* **WHAT YOU SHOULD DO**:
All lines of the material should be given again exactly.

Start of SOURCE MATERIAL

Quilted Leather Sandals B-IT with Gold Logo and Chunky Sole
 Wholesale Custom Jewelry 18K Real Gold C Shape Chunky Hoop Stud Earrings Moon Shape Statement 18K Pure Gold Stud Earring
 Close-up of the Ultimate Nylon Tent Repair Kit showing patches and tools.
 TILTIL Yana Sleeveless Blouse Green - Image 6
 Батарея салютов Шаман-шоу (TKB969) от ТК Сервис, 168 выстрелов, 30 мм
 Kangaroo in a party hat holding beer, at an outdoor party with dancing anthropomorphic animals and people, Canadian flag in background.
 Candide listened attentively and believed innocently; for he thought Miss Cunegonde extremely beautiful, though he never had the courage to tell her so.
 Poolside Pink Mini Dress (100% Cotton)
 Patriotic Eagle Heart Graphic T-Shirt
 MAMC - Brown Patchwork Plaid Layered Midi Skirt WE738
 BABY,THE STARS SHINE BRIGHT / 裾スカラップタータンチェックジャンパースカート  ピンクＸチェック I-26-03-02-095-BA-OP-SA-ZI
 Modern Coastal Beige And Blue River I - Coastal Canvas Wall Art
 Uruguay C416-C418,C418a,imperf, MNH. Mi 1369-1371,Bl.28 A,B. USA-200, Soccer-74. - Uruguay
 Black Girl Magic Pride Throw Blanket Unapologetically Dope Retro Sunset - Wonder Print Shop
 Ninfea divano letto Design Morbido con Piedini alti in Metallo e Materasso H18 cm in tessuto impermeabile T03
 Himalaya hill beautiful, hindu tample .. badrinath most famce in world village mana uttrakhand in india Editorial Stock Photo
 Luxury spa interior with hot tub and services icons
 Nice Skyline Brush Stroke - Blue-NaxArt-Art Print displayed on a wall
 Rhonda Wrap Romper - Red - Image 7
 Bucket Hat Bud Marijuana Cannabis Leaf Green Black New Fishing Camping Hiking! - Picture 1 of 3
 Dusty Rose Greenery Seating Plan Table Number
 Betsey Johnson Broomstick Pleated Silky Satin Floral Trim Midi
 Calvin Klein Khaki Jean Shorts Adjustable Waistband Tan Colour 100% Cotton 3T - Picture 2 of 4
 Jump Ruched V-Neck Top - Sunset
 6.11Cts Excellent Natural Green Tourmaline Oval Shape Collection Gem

End of SOURCE MATERIAL

* **RESPONSE FOR THIS EXERCISE**:
Quilted Leather Sandals B-IT with Gold Logo and Chunky Sole
 Wholesale Custom Jewelry 18K Real Gold C Shape Chunky Hoop Stud Earrings Moon Shape Statement 18K Pure Gold Stud Earring
 Close-up of the Ultimate Nylon Tent Repair Kit showing patches and tools.
 TILTIL Yana Sleeveless Blouse Green - Image 6
 Батарея салютов Шаман-шоу (TKB969) от ТК Сервис, 168 выстрелов, 30 мм
 Kangaroo in a party hat holding beer, at an outdoor party with dancing anthropomorphic animals and people, Canadian flag in background.
 Candide listened attentively and believed innocently; for he thought Miss Cunegonde extremely beautiful, though he never had the courage to tell her so.
 Poolside Pink Mini Dress (100% Cotton)
 Patriotic Eagle Heart Graphic T-Shirt
 MAMC - Brown Patchwork Plaid Layered Midi Skirt WE738
 BABY,THE STARS SHINE BRIGHT / 裾スカラップタータンチェックジャンパースカート  ピンクＸチェック I-26-03-02-095-BA-OP-SA-ZI
 Modern Coastal Beige And Blue River I - Coastal Canvas Wall Art
 Uruguay C416-C418,C418a,imperf, MNH. Mi 1369-1371,Bl.28 A,B. USA-200, Soccer-74. - Uruguay
 Black Girl Magic Pride Throw Blanket Unapologetically Dope Retro Sunset - Wonder Print Shop
 Ninfea divano letto Design Morbido con Piedini alti in Metallo e Materasso H18 cm in tessuto impermeabile T03
 Himalaya hill beautiful, hindu tample .. badrinath most famce in world village mana uttrakhand in india Editorial Stock Photo
 Luxury spa interior with hot tub and services icons
 Nice Skyline Brush Stroke - Blue-NaxArt-Art Print displayed on a wall
 Rhonda Wrap Romper - Red - Image 7
 Bucket Hat Bud Marijuana Cannabis Leaf Green Black New Fishing Camping Hiking! - Picture 1 of 3
 Dusty Rose Greenery Seating Plan Table Number
 Betsey Johnson Broomstick Pleated Silky Satin Floral Trim Midi
 Calvin Klein Khaki Jean Shorts Adjustable Waistband Tan Colour 100% Cotton 3T - Picture 2 of 4
 Jump Ruched V-Neck Top - Sunset
 6.11Cts Excellent Natural Green Tourmaline Oval Shape Collection Gem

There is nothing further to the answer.